Все три уровня легитимности связаны между собой: отрицание легитимности более высокого уровня автоматически отрицает предыдущий уровень легитимности, и, наоборот, отрицание низшего уровня отнюдь не предполагает отрицание последующего. У. Коннер полагает, что отрицание первого, низшего уровня легитимности происходит путем импичментов, переворотов, покушений. Легитимность второго уровня отрицается в ходе некоторых революционных движений, например движения, возглавлявшегося аятоллой Хомейни, направленного против политической системы, которую олицетворял шах Реза Пехлеви, но не против государства Иран как такового.[274]274
См.: XIII Всемирный конгресс Международной ассоциации политических наук // Реферативный сборник. Вып. 1. М., 1987. С. 23–24.

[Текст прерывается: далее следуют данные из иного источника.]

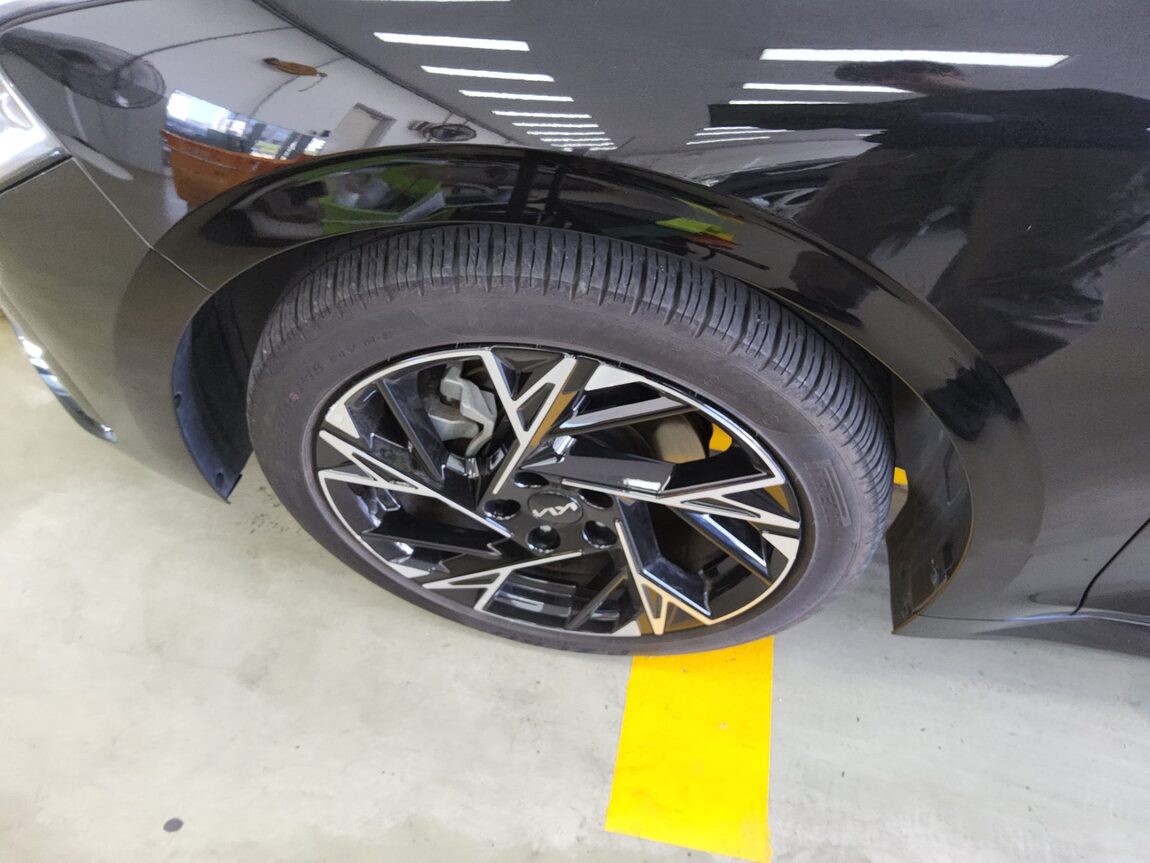 KIA THE NEW K5 (DL3) 2.0 GASOLINE PRESTIGE 2024 - zdjęcie 22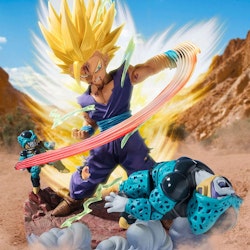 Dragon Ball Figuarts ZERO Extra Battle Marshall Super Saiyan 2 Son Gohan -Anger Exploding Into Power-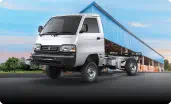 PETROL CAB CHASSIS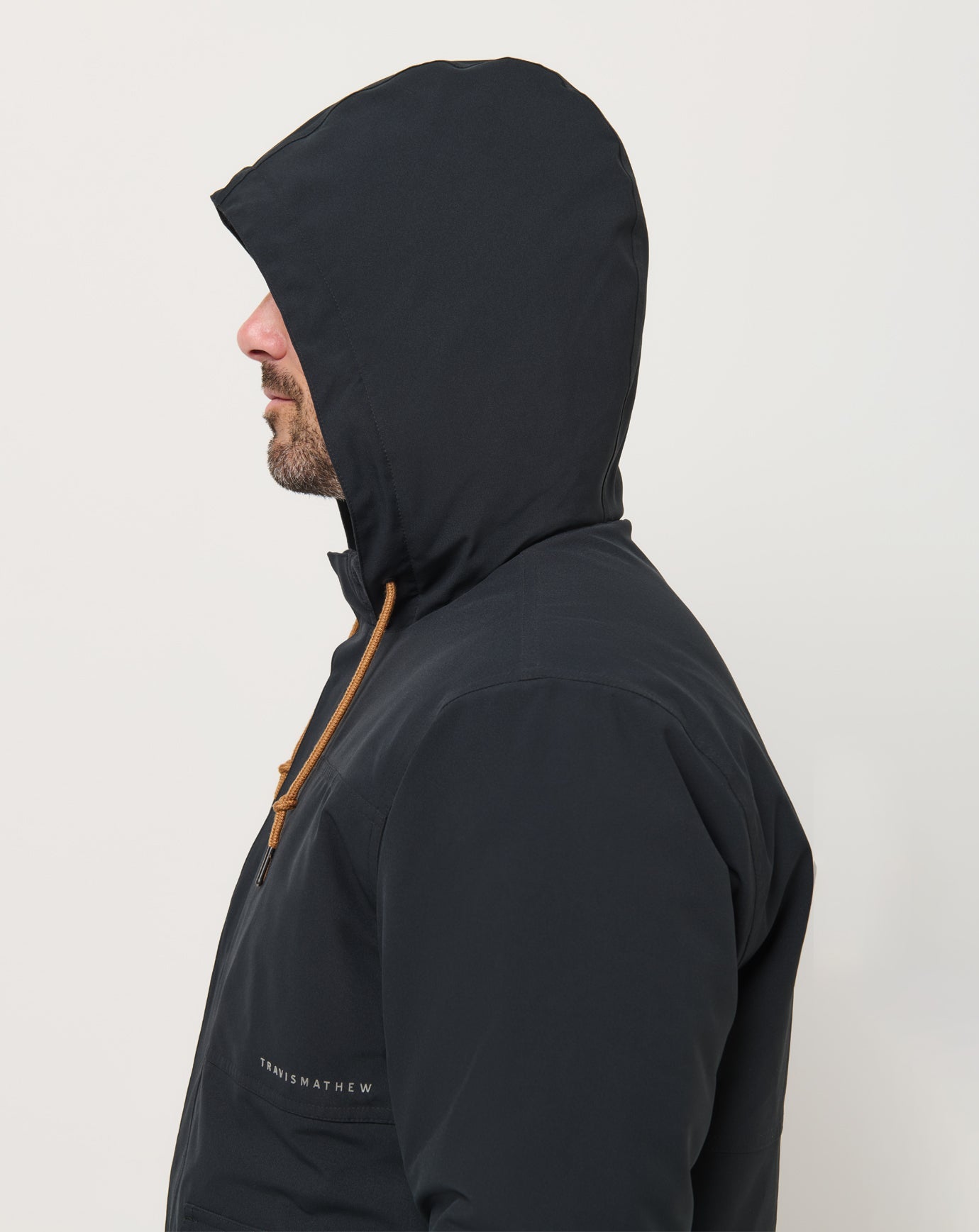 Black Travis Mathew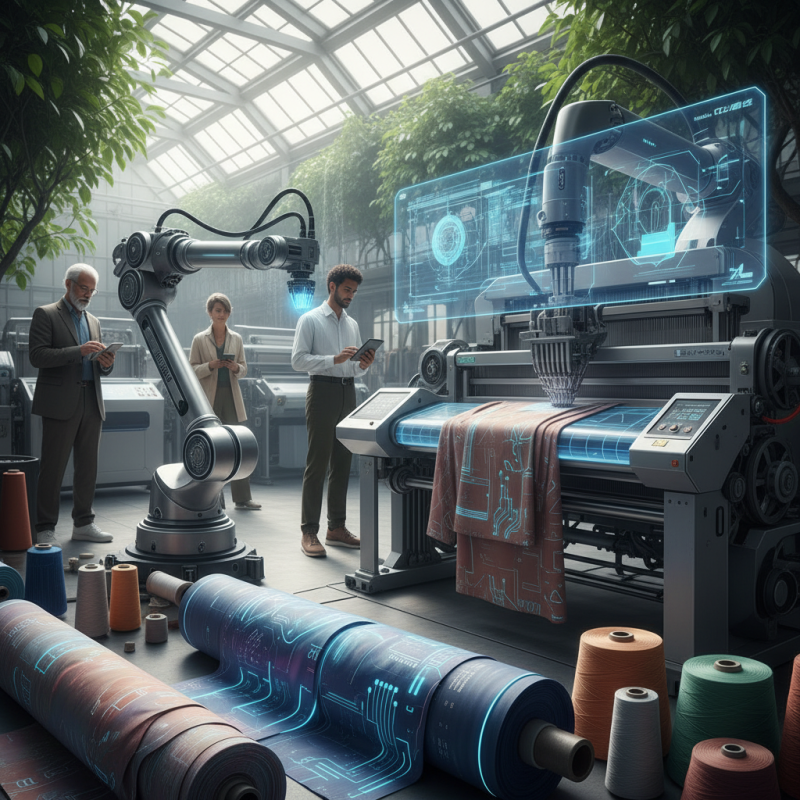 Top 10 Innovations Transforming the Germany Textile Industry?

[Закрыть] Примера отрицания легитимности третьего уровня сам У. Коннер не приводит. Можно сослаться в этой связи на развал Австро-Венгерской империи в 1918 г., когда в легитимности было отказано империи как независимой «политической единице, существующей политической системе с ее идеологией и институтами и самой династии Габсбургов.[275]275
Там же. С. 24.
[Закрыть] Пример этот, приведенный автором реферата Е. З. Носенко, хороший, точный. Но сегодня возможны и другие иллюстрации, более для нас актуальные. Легитимность утеряна государством СССР и «подхвачена» национальными государствами, возникающими на его территории. Поэтому неэффективность законов СССР была связана не столько с их сугубо технико-юридическими пороками, что, впрочем, тоже имело место, а в том, что они проигрывали в тесте на легитимность законам республиканским.

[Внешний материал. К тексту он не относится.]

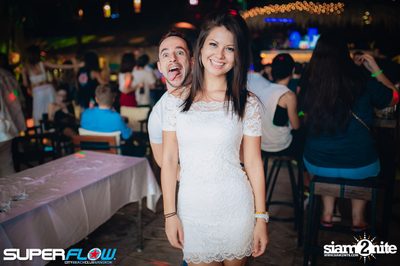 White Party - Open Air Edition at Superflow City Beach Club — photo 120
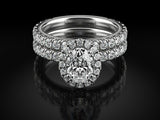 TRADITION - TR210HOV VERRAGIO Engagement Ring Birmingham Jewelry Verragio Jewelry | Diamond Engagement Ring TRADITION - TR210HOV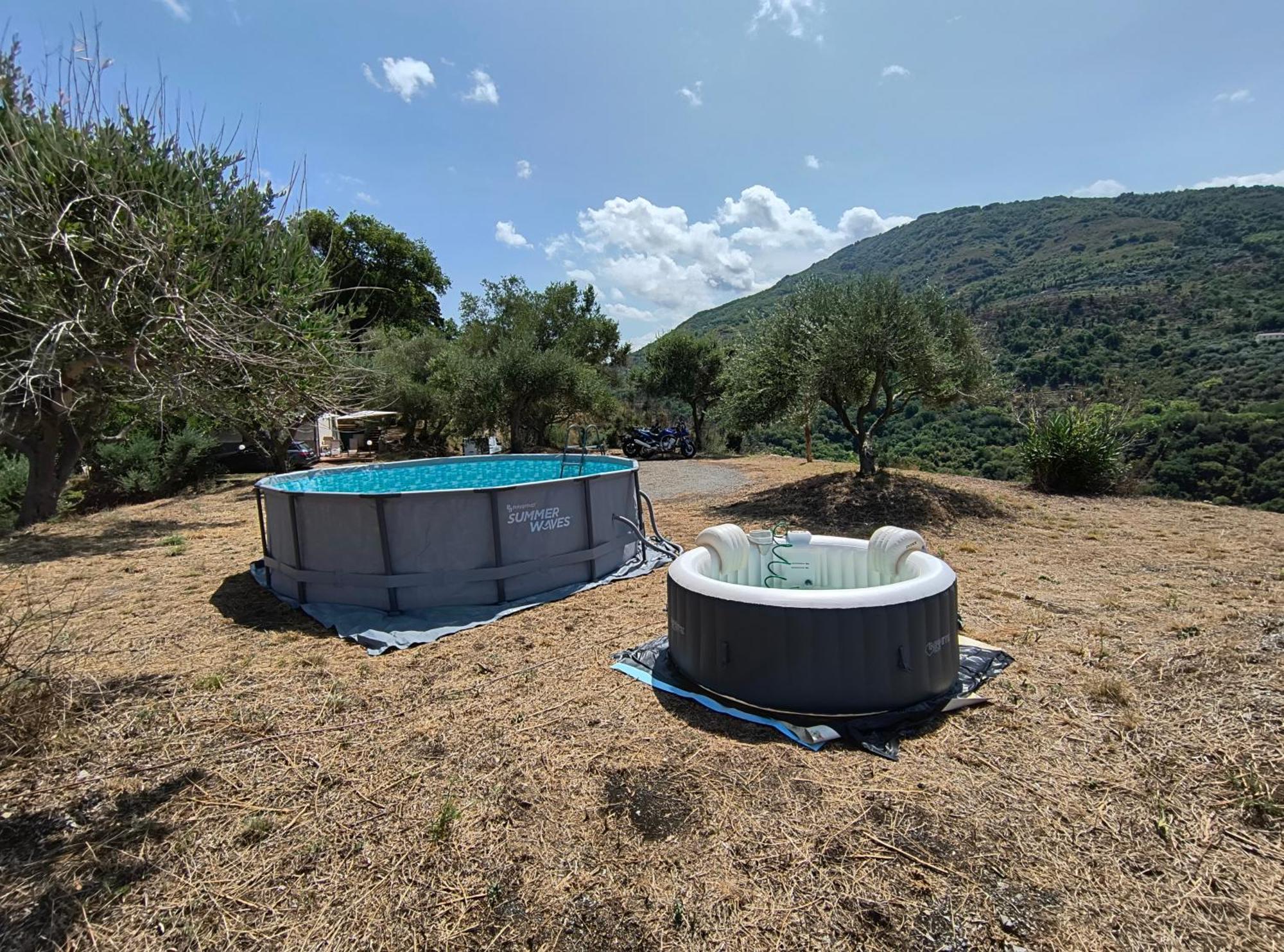 L'Antica Quercia B&B Castell'Umberto 외부 사진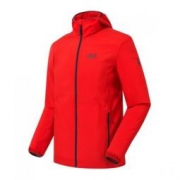 15号20点： Jack Wolfskin 狼爪 5318171 男款透气软壳冲锋衣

Национальные парламенты вступили в конфликт с союзным, который был исторически обречен на поражение. В общественном сознании легитимным воспринимался лишь тот закон, который создан не только избранным органом, но представляющим национальные интересы. В общем, это не противоречит либеральной теории, практически все современные демократические государства складывались как национальные, что не исключает следования ими принципам демократии и правления права.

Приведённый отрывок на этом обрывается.